Tacit vs. Explicit Knowledge

Explicit knowledge is knowledge that you can get out of a book, or a video, or a web page. It is A-B-C, 1-2-3, step-by-step knowledge. This is the knowledge found on Wikipedia, and similar resources like user guides, user manuals, and other books. This is the knowledge most of us understand from school, and other formal learning.

Tacit knowledge requires proximity and experience. It is not readily converted into book form. Knowledge about how to make sausage is a good example. You learn to do it by watching and by doing. Usually, you need a little coaching. It requires that you are communicating with someone that is watching you and coaching as you gain experience and competency.

On teams that build complex products, much of the team knowledge is of this tacit type. Having proximity to the engineers and testers, and listening and watching others who are competent in the craft is how you learn here. It is like watching sausage being made. Difficult differences and unsightly mistakes are part of the recipe in tacit knowledge creation.

Knowledge creation, like sausage making, can be difficult to watch.

 

 

Usually, substantial knowledge is held by the people in a team, the tribe or the enterprise. The knowledge– technical and cultural– is tacit.

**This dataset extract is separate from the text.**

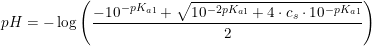 \small \small pH=-\log\left ( \frac{-10^{-pK_{a1}}+\sqrt{10^{-2pK_{a1}}+4\cdot c_s\cdot 10^{-pK_{a1}}}}{2} \right )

A culture is this very real thing, yet it defies description. When you are in it, you are of it, and it affects you, and you get it. Yet it is hard to describe in writing or even to verbalize. The culture of a team, tribe or organization is the set of assumptions, the set of beliefs that are collectively held. It is not easy to reduce this to explicit knowledge.

You must “go to the gemba”, and visit, and get proximity to get a feel for what a team believes and understands about itself. Even then, explaining it accurately to someone else is tough.

In my book The Culture Game, I document a step-by-step, explicit-knowledge framework for scaling Agile, from teams to tribes. The book is intended as an A-B-C,  how-to manual, for the typical manager in the typical organization who wants to spread the essence of Agile. That essence is organizational (what I call triballearning.